Hardscrabble neighborhoods across the city have come to depend on street money as a welcome payday for knocking on doors, handing out leaflets and speaking to voters as they arrive at polling places.
Peter Wilson, a ward leader from West Philadelphia, said: “Most of the ward leaders, we live in a very poor area, and people look forward to election days. . . . People are astute. They know the Obama campaign has raised millions of dollars.”
Street money is an enduring political practice in Philadelphia and cities including Chicago, Baltimore, Newark and Los Angeles.
In Jon Corzine’s successful race in 2000 for the U.S. Senate, people from out of state poured into New Jersey to be part of a huge get-out-the-vote operation. Some were paid $75 apiece in street money, as part of the well-funded Corzine campaign’s election day efforts.
In the 2004 presidential race, John F. Kerry’s campaign paid out hundreds of thousands of dollars in street money to Philadelphia’s Democratic apparatus, according to city party veterans.
A famous scene played out at a Democratic committee meeting during the 1980 presidential primary. Vice President Walter F. Mondale came to Philadelphia hoping to boost support for President Carter, then in a tough nomination fight with Sen. Edward M. Kennedy.
Mondale made his pitch, touting Carter’s record on human rights and the economy.
In an interview Thursday, Mondale picked up the story from there:
“I finished my remarks, and the first person who stood up said: ‘Where’s the money?’ And I think he was talking about street money.”
Dryly, Mondale added: “That was not the subject of my talk.”
Before the 2002 state elections, a reporter watched two practitioners of the street-money arts in action: Campbell and U.S. Rep. Robert A. Brady, a ward leader and chair of Philadelphia’s Democratic committee.
Brady was sitting in his campaign office with two of his political lieutenants. He reached into a desk drawer at one point and pulled out a $50 bill -- street money. Brady tore it in two and gave each man a half.
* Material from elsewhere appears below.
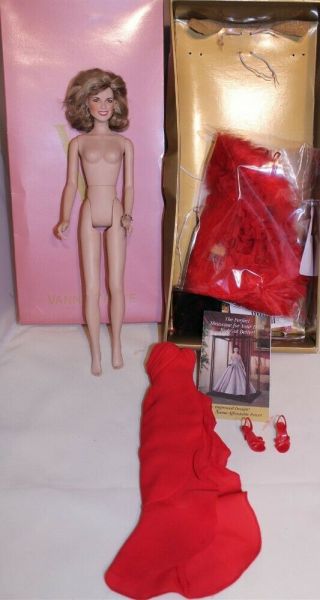 Franklin Vanna White In Red 16 " Vinyl Doll In Ob
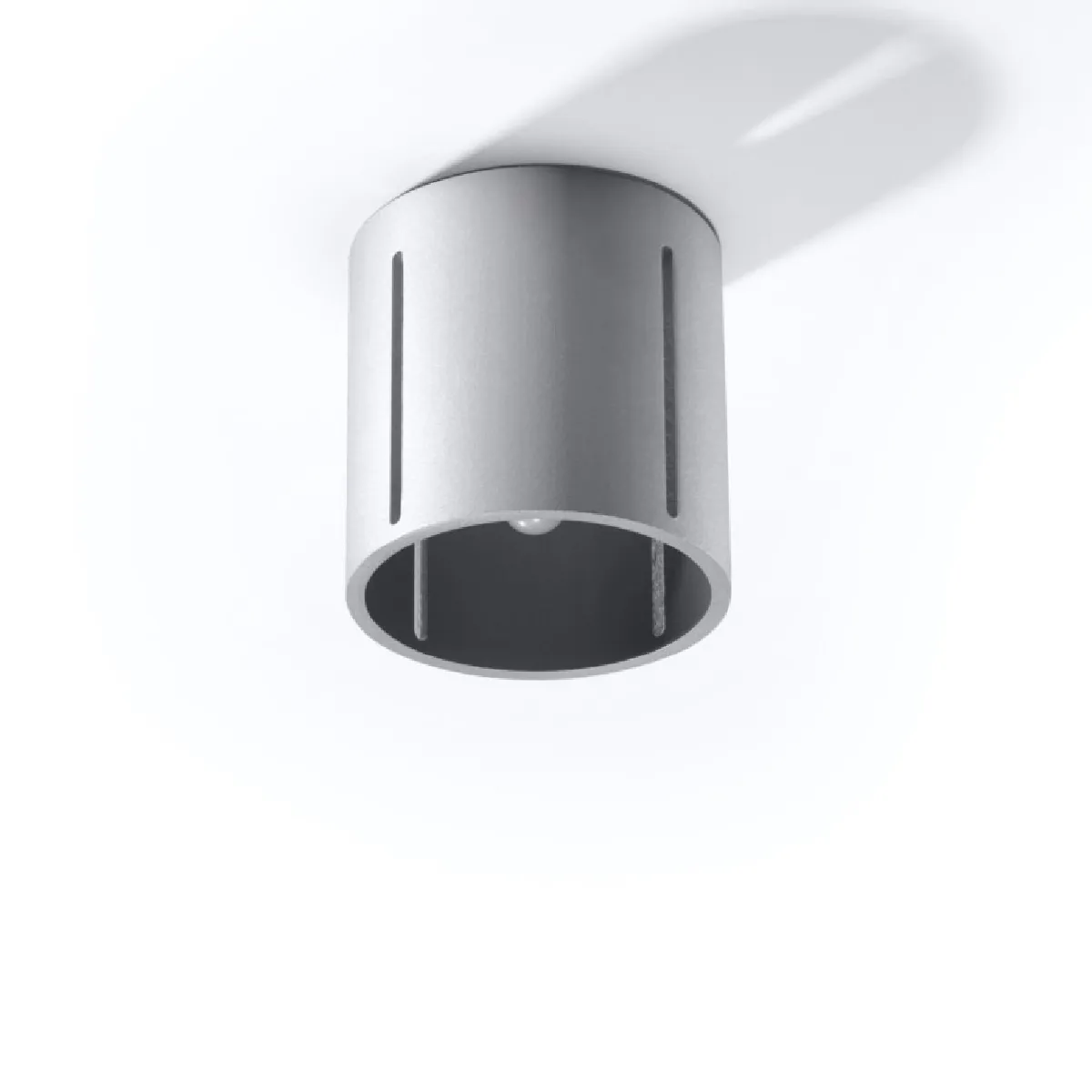 Plafonnier Lumyor gris 10 x 10 x 10( h x l x P en cm )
Then the men made a bet: Whoever pulled in the most Democratic votes that day from his precincts would get both halves.
The night before that vote, Campbell, sitting at a kitchen table in a retirement community in West Philadelphia, spent hours passing out street money to various Democratic committee people. She kept receipts, working with stacks of cash. Campbell would give $10 to local teenagers assigned to put leaflets in doorways. And she paid out $100 to each of the committee people in her jurisdiction.
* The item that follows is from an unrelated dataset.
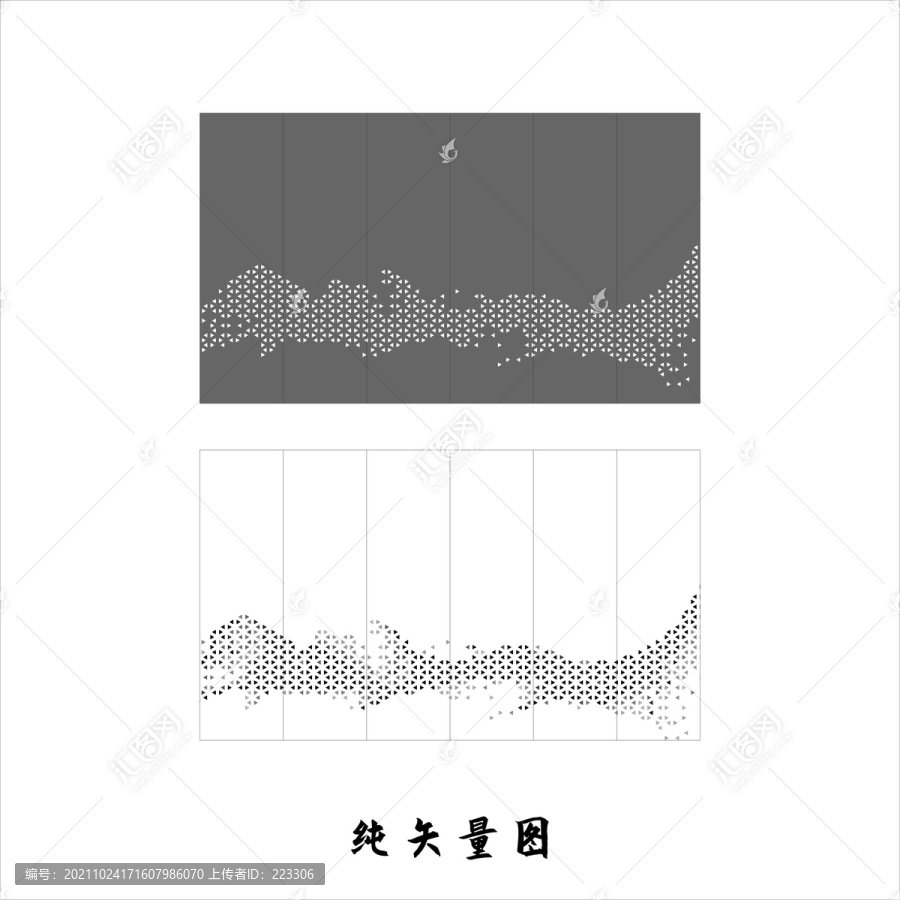 磨砂玻璃图案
Ward leaders say such payments defray expenses such as food and gasoline, and compensate people for a grueling election day.
It is unclear to what extent Obama may suffer at the polls if any part of the city’s Democratic apparatus jumps to Clinton.
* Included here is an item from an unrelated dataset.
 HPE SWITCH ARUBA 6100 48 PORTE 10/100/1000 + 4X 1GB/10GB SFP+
Obama’s strategy in Pennsylvania depends on a strong turnout in the city’s black precincts. That way, he can cut into the advantage Clinton has among older and blue-collar voters elsewhere in the state.
Campbell said she could not in good conscience ask people to work for Obama for free.
“I’m not going to do that,” said Campbell, who heads a coalition of black ward leaders. “There are a lot of poor people here.”
Paulmier said that of his ward’s 48 committee people, the vast majority supported Obama. Though he doesn’t expect a wholesale exodus to the Clinton campaign if no street money is paid, a handful of those key people might bolt, he said.
“If word gets out that the Clinton campaign is going to make . . . more support available to committee people, maybe five of the 48 might defect,” he said.
With a week and a half left before the election, political leaders hope that Obama will relent.
Garry Williams, a ward leader based in north-central Philadelphia, said that he had not heard directly that the Obama campaign was withholding money. But he said payment would be needed. Workers who are in the field for Obama on April 22 will put in days stretching from 12 to 16 hours, he said.
“It’s our tradition,” Williams said. “You don’t come to someone’s house and change the rules of someone’s house. That’s just respect.”